--- Problem details ---
The line containing "Close-up of person", and every line after it to the end of the listing, should be repeated exactly; the pictures should not.

--- Information supplied ---
· · · · ·
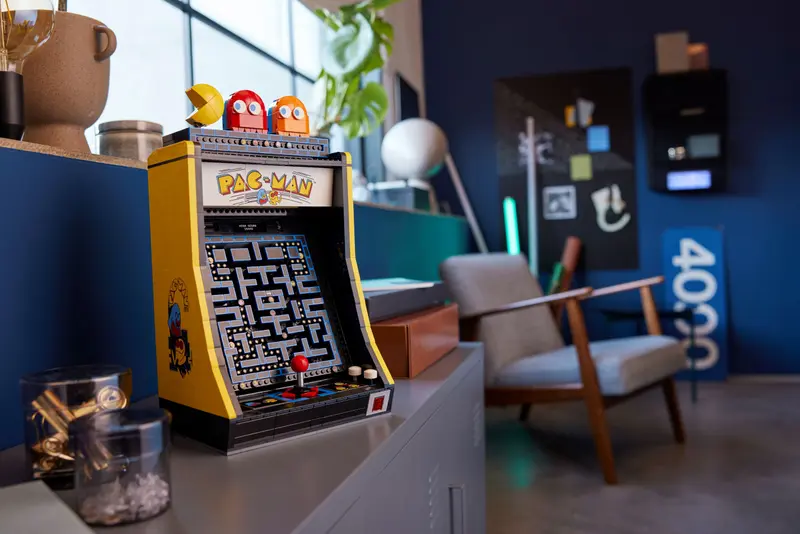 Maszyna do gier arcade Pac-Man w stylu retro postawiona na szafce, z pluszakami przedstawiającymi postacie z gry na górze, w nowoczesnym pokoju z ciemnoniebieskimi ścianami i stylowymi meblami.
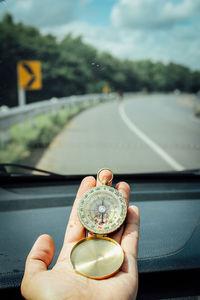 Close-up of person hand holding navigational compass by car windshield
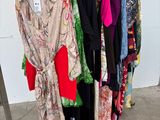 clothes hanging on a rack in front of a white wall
· · · · ·
--- Exercise answer ---
 Close-up of person hand holding navigational compass by car windshield
 clothes hanging on a rack in front of a white wall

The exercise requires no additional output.